▶ **YOUR INSTRUCTIONS**:
Copy the lines exactly as they appear, starting with the first line of the records and ending with the line that contains "Blakläder leichte Shorts".

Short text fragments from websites
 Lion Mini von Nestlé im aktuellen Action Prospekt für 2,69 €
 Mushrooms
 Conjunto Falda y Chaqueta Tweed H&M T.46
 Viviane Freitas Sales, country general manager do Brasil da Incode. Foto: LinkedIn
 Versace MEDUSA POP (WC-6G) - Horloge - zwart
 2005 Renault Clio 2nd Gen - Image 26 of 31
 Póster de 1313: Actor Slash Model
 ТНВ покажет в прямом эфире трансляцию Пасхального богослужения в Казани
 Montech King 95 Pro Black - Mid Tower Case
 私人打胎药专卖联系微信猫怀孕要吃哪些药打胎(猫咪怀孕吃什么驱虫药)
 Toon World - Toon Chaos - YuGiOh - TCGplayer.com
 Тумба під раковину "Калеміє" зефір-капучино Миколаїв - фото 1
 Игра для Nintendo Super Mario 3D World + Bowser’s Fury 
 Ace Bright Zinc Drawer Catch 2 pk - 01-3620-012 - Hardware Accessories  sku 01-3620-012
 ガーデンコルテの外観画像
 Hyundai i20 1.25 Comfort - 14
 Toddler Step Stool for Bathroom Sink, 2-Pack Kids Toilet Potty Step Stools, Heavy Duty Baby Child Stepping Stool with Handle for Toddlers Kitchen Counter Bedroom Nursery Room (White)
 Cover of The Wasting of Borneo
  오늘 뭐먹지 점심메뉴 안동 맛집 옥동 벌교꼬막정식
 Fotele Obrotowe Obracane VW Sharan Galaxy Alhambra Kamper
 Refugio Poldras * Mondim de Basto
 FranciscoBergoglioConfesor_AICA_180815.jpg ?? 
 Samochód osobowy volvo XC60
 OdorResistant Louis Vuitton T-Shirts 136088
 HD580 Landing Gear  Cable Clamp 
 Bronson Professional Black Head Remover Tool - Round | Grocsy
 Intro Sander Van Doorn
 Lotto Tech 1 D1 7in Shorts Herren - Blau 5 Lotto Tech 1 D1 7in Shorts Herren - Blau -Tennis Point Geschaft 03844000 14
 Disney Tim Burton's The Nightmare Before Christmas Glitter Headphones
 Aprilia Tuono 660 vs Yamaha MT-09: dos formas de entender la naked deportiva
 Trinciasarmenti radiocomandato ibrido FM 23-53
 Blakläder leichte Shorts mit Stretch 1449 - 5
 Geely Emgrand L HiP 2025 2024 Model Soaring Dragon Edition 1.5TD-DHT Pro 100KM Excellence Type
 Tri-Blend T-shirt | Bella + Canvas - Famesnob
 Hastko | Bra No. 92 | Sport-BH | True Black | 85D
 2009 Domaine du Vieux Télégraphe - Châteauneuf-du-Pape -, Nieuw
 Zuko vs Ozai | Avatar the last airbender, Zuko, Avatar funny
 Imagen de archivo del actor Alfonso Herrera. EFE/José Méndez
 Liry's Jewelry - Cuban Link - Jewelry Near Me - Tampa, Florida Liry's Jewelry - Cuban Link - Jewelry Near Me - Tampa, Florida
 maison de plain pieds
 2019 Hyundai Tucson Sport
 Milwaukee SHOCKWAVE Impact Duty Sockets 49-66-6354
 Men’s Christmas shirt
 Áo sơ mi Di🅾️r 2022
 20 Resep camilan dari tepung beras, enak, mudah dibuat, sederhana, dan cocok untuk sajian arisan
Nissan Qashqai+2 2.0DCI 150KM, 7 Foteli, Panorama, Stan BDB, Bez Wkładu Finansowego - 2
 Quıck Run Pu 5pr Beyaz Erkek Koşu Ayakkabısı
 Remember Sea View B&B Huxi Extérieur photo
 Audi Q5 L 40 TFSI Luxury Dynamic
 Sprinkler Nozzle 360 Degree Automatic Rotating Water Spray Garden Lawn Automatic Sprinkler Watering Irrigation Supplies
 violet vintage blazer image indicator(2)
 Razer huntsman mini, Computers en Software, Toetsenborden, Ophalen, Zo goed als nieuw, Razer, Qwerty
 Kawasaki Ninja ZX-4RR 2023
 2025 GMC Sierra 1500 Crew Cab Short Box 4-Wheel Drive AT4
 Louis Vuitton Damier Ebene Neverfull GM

▶ **ANSWER TO THIS TASK**:
 Lion Mini von Nestlé im aktuellen Action Prospekt für 2,69 €
 Mushrooms
 Conjunto Falda y Chaqueta Tweed H&M T.46
 Viviane Freitas Sales, country general manager do Brasil da Incode. Foto: LinkedIn
 Versace MEDUSA POP (WC-6G) - Horloge - zwart
 2005 Renault Clio 2nd Gen - Image 26 of 31
 Póster de 1313: Actor Slash Model
 ТНВ покажет в прямом эфире трансляцию Пасхального богослужения в Казани
 Montech King 95 Pro Black - Mid Tower Case
 私人打胎药专卖联系微信猫怀孕要吃哪些药打胎(猫咪怀孕吃什么驱虫药)
 Toon World - Toon Chaos - YuGiOh - TCGplayer.com
 Тумба під раковину "Калеміє" зефір-капучино Миколаїв - фото 1
 Игра для Nintendo Super Mario 3D World + Bowser’s Fury 
 Ace Bright Zinc Drawer Catch 2 pk - 01-3620-012 - Hardware Accessories  sku 01-3620-012
 ガーデンコルテの外観画像
 Hyundai i20 1.25 Comfort - 14
 Toddler Step Stool for Bathroom Sink, 2-Pack Kids Toilet Potty Step Stools, Heavy Duty Baby Child Stepping Stool with Handle for Toddlers Kitchen Counter Bedroom Nursery Room (White)
 Cover of The Wasting of Borneo
  오늘 뭐먹지 점심메뉴 안동 맛집 옥동 벌교꼬막정식
 Fotele Obrotowe Obracane VW Sharan Galaxy Alhambra Kamper
 Refugio Poldras * Mondim de Basto
 FranciscoBergoglioConfesor_AICA_180815.jpg ?? 
 Samochód osobowy volvo XC60
 OdorResistant Louis Vuitton T-Shirts 136088
 HD580 Landing Gear  Cable Clamp 
 Bronson Professional Black Head Remover Tool - Round | Grocsy
 Intro Sander Van Doorn
 Lotto Tech 1 D1 7in Shorts Herren - Blau 5 Lotto Tech 1 D1 7in Shorts Herren - Blau -Tennis Point Geschaft 03844000 14
 Disney Tim Burton's The Nightmare Before Christmas Glitter Headphones
 Aprilia Tuono 660 vs Yamaha MT-09: dos formas de entender la naked deportiva
 Trinciasarmenti radiocomandato ibrido FM 23-53
 Blakläder leichte Shorts mit Stretch 1449 - 5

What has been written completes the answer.